La esfera armilar

Alberto P. de Vargas

Libertad, libertad, libertad

EL último domingo del tormentoso año que se ha acabado hace nada, el amigo Manolo Martín, fotógrafo de la vieja escuela, publicó en su memoria gráfica La Isla Verde, de Europa Sur, la fotografía de una parte de los sucesos más salvajes habidos en Algeciras desde que la dejaron los caballeros del Reino de Granada. Más que las guerras que aún siendo ejemplos de irracionalidad, pueden albergar gestos de nobleza. Porque el peor de los daños producidos voluntariamente, es el que se comete contra la espiritualidad, contra el pensamiento en fin. Esa salvajada que no debe ser ni disculpada ni pretendidamente justificada, se cometió contra la Iglesia de Nuestra Señora de la Palma en el año 1934, tercer año triunfal de la República, estando España supuestamente en paz, sin más riesgos o conflictos que los que podían derivarse de una sociedad con el alma agrietada por los enfrentamientos de una clase política irresponsable que perdió la compostura permitiendo que los localismos, la venganza y las miserias humanas se apoderaran de los foros y de las calles.
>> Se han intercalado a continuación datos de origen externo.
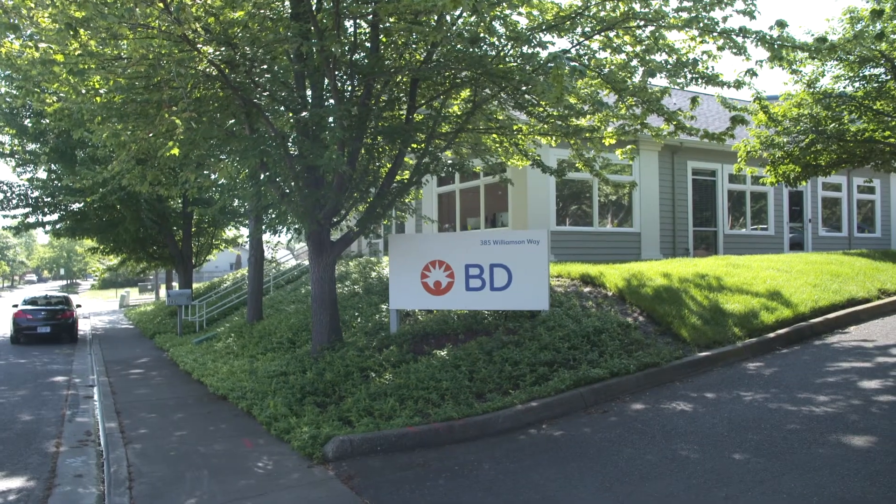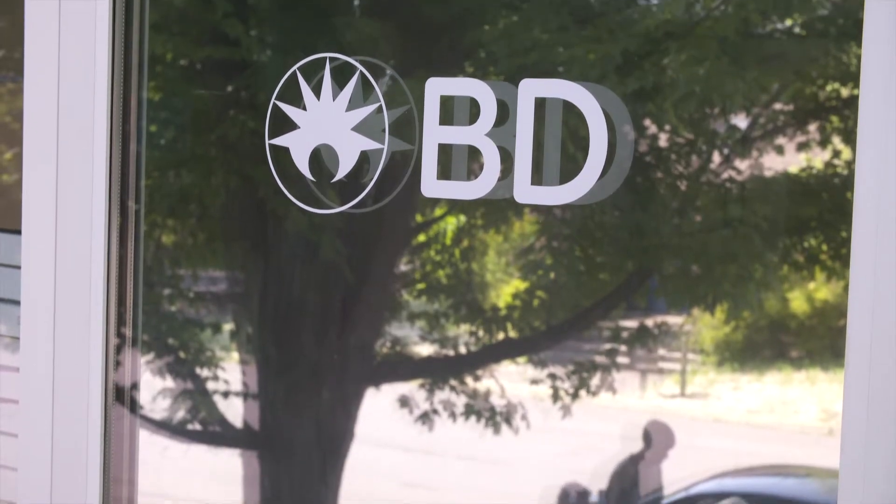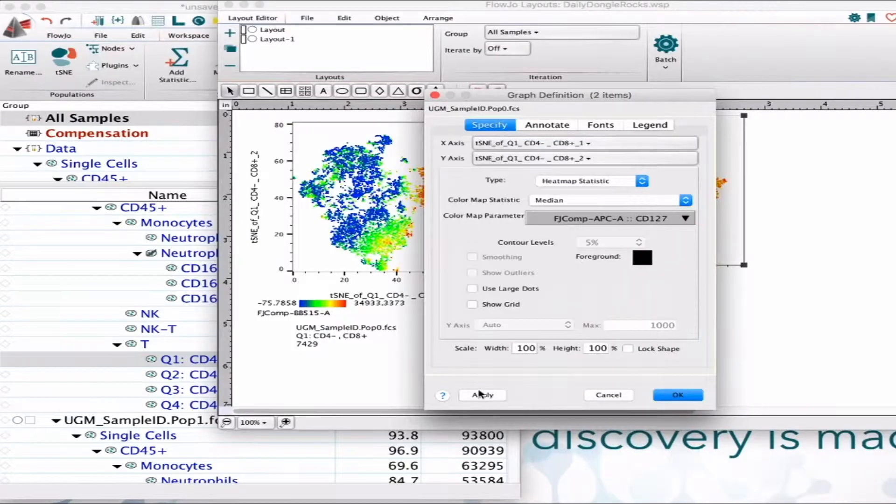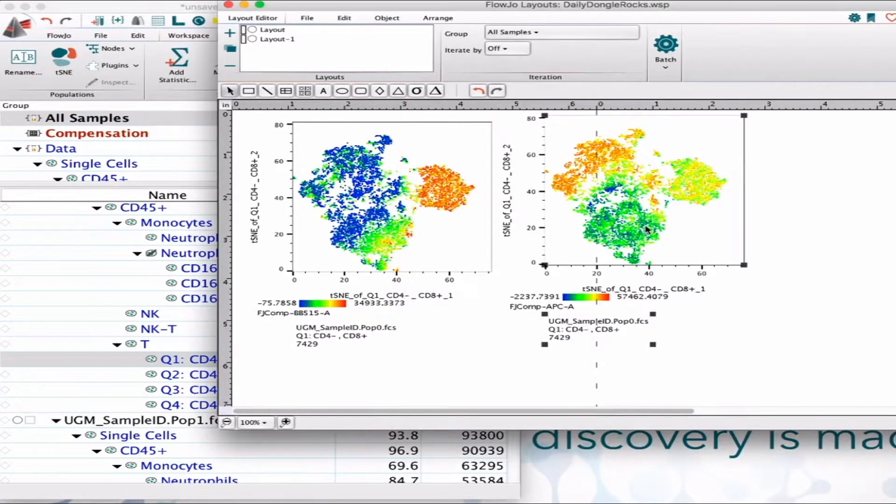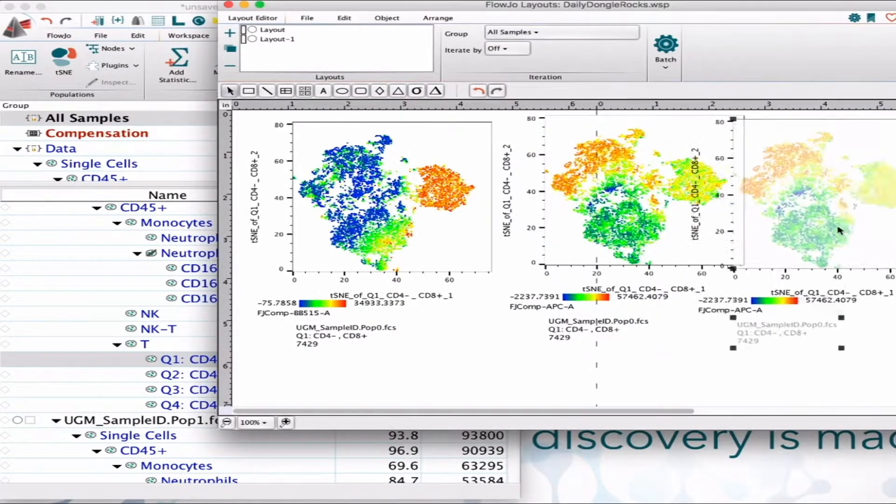My name is Ian Taylor and I am director of product innovation here at BD Life Sciences Informatics. We provide software products to researchers in the single cell sciences.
En el cuarto inferior izquierda de la página 12 de ese día, se inserta en nuestro diario una fotografía de la que parece ser la nave del Santísimo, en La Palma, destrozada por una plebe de cobardes descerebrados a los que no se les puede suponer ni criterio ni inteligencia. Importante fotografía porque es difícil dar con algún testimonio gráfico de ese vergonzoso episodio y ya habrá muy poca gente que pueda contarlo.

Mi madre, Isabel, tenía entonces, veinticuatro años y preparaba su boda con mi padre, Ignacio, cinco años mayor que ella y primo hermano de un controvertido personaje llamado Blas Infante que con el tiempo se convertiría en mártir de su causa a manos de otra pandilla de animales. Una losa de piedra, en la nave central de la Iglesia, cerca del Altar Mayor, recuerda con ejemplar grafía la agresión a la parroquia que dirigía un salesiano, Andrés Yun, de aquellos que como don Miguelito, don Manuel María, don José María Márquez o don Francisco, le devolvieron al pueblo la oportunidad de mantener vivas sus tradiciones religiosas populares.

Las visitas de mis padres a la Iglesia tenían necesariamente que hacerse a ocultas y entrando por alguna puerta más discreta que la principal, incluso la boda se llegó a celebrar secretamente limitándose a la ceremonia religiosa y haciéndolo con sencillez y recogimiento. Legalmente se fecharía el día 8 de abril de 1936, festividad de San Alberto.

Las libertades, entonces, se reducían a los papeles porque, ni de hecho ni de derecho, se puede ser libre donde la razón ha sido sustituida por el desorden y la autoridad por la dejación y el abandono.